Short web captions

------------------------------------

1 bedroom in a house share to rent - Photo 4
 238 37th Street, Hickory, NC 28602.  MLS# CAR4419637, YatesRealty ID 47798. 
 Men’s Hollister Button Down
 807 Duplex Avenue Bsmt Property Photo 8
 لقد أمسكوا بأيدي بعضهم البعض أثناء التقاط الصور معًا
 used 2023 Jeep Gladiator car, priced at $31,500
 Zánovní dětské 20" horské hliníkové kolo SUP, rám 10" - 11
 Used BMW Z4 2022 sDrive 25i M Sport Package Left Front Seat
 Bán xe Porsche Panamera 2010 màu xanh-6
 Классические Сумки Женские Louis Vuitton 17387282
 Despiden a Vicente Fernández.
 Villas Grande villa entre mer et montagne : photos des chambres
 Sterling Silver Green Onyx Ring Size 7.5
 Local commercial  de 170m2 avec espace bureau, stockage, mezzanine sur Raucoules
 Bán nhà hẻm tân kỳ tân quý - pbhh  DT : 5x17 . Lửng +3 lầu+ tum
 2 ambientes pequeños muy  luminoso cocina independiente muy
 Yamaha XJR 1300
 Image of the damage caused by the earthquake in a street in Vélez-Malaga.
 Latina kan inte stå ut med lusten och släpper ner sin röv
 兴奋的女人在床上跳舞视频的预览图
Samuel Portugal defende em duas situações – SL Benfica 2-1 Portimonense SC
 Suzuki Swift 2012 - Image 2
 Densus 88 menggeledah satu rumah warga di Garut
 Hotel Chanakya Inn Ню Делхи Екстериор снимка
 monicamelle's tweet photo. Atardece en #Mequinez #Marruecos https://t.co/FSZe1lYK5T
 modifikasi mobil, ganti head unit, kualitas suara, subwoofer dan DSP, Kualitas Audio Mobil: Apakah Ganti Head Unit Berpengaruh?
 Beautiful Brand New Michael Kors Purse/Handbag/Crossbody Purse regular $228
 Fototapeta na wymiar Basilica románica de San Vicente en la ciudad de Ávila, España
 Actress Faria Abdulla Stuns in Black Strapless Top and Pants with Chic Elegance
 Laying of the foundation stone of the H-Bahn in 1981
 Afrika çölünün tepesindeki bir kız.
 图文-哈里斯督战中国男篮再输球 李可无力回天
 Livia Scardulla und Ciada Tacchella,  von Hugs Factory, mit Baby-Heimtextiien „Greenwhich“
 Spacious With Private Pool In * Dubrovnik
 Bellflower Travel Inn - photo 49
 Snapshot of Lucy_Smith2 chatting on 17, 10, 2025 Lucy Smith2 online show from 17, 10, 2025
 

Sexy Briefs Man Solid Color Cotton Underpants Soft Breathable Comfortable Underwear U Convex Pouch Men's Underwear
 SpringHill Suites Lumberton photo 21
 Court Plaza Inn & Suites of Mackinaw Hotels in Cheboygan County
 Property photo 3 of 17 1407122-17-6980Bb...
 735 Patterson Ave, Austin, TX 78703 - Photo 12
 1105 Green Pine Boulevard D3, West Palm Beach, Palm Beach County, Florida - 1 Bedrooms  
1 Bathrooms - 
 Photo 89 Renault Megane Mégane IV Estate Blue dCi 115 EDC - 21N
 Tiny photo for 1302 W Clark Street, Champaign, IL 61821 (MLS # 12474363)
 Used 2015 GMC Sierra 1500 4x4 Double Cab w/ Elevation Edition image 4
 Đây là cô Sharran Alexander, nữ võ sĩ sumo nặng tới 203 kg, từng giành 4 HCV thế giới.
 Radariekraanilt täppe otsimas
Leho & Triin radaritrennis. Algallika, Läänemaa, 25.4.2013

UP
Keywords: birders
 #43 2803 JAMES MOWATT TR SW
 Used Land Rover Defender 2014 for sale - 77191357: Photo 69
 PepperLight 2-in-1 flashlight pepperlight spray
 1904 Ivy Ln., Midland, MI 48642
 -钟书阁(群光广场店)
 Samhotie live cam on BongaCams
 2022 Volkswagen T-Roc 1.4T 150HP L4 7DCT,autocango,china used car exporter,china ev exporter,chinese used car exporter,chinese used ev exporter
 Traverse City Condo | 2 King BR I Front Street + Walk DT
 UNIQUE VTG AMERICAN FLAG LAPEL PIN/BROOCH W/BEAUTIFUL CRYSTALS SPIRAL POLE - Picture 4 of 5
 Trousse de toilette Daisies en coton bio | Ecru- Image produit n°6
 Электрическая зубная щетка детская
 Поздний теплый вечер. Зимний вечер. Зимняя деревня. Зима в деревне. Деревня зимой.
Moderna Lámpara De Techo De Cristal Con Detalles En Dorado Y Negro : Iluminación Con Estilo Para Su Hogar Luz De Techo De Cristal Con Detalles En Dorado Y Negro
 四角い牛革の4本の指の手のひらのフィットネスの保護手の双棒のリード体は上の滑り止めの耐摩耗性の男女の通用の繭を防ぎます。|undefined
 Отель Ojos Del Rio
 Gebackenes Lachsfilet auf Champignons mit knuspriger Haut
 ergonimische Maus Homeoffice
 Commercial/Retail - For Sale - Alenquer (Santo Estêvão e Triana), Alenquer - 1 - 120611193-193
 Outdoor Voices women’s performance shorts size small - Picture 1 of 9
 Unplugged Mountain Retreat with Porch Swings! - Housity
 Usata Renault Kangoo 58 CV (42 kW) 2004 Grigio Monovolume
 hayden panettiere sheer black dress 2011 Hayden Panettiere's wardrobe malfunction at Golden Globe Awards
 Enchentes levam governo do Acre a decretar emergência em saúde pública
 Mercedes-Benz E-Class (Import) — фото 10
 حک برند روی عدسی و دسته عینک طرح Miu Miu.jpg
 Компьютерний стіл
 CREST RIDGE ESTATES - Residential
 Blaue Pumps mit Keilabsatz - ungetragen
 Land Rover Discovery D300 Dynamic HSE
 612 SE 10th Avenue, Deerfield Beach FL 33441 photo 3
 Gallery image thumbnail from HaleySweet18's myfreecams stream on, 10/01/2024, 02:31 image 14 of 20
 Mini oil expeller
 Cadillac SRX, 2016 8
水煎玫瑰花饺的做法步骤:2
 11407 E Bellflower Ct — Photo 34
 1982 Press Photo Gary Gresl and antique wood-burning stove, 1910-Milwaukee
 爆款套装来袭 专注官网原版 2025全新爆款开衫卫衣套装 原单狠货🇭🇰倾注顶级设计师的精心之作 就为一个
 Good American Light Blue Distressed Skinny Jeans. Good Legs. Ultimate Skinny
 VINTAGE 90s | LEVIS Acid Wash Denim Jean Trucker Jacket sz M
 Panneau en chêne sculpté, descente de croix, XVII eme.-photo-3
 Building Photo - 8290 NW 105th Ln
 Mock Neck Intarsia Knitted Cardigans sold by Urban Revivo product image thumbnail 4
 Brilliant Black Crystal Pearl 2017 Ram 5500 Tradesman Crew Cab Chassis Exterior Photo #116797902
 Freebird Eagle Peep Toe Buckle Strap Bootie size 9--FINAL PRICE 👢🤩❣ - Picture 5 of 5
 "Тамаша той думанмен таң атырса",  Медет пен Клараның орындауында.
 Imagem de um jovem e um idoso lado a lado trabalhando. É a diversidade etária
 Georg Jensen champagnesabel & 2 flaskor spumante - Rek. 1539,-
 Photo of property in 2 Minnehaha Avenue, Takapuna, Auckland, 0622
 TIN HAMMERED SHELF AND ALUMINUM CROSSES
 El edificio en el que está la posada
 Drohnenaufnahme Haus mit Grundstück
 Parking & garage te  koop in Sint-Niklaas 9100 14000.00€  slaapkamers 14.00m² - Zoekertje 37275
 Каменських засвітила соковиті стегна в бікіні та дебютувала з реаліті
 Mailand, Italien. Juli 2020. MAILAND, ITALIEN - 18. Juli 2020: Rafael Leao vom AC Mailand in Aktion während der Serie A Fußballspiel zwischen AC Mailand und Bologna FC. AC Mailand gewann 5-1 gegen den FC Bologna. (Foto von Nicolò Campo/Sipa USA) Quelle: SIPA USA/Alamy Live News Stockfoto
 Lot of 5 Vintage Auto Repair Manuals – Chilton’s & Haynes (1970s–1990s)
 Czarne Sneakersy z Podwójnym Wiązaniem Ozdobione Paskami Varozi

------------------------------------

• Your assignment: Please give an exact copy of the lines above, beginning with the line containing "1904 Ivy Ln., Midland, MI 48642" and running through the line containing "Land Rover Discovery D300 Dynamic HSE", and of no other lines.

• Answer to the problem:
 1904 Ivy Ln., Midland, MI 48642
 -钟书阁(群光广场店)
 Samhotie live cam on BongaCams
 2022 Volkswagen T-Roc 1.4T 150HP L4 7DCT,autocango,china used car exporter,china ev exporter,chinese used car exporter,chinese used ev exporter
 Traverse City Condo | 2 King BR I Front Street + Walk DT
 UNIQUE VTG AMERICAN FLAG LAPEL PIN/BROOCH W/BEAUTIFUL CRYSTALS SPIRAL POLE - Picture 4 of 5
 Trousse de toilette Daisies en coton bio | Ecru- Image produit n°6
 Электрическая зубная щетка детская
 Поздний теплый вечер. Зимний вечер. Зимняя деревня. Зима в деревне. Деревня зимой.
Moderna Lámpara De Techo De Cristal Con Detalles En Dorado Y Negro : Iluminación Con Estilo Para Su Hogar Luz De Techo De Cristal Con Detalles En Dorado Y Negro
 四角い牛革の4本の指の手のひらのフィットネスの保護手の双棒のリード体は上の滑り止めの耐摩耗性の男女の通用の繭を防ぎます。|undefined
 Отель Ojos Del Rio
 Gebackenes Lachsfilet auf Champignons mit knuspriger Haut
 ergonimische Maus Homeoffice
 Commercial/Retail - For Sale - Alenquer (Santo Estêvão e Triana), Alenquer - 1 - 120611193-193
 Outdoor Voices women’s performance shorts size small - Picture 1 of 9
 Unplugged Mountain Retreat with Porch Swings! - Housity
 Usata Renault Kangoo 58 CV (42 kW) 2004 Grigio Monovolume
 hayden panettiere sheer black dress 2011 Hayden Panettiere's wardrobe malfunction at Golden Globe Awards
 Enchentes levam governo do Acre a decretar emergência em saúde pública
 Mercedes-Benz E-Class (Import) — фото 10
 حک برند روی عدسی و دسته عینک طرح Miu Miu.jpg
 Компьютерний стіл
 CREST RIDGE ESTATES - Residential
 Blaue Pumps mit Keilabsatz - ungetragen
 Land Rover Discovery D300 Dynamic HSE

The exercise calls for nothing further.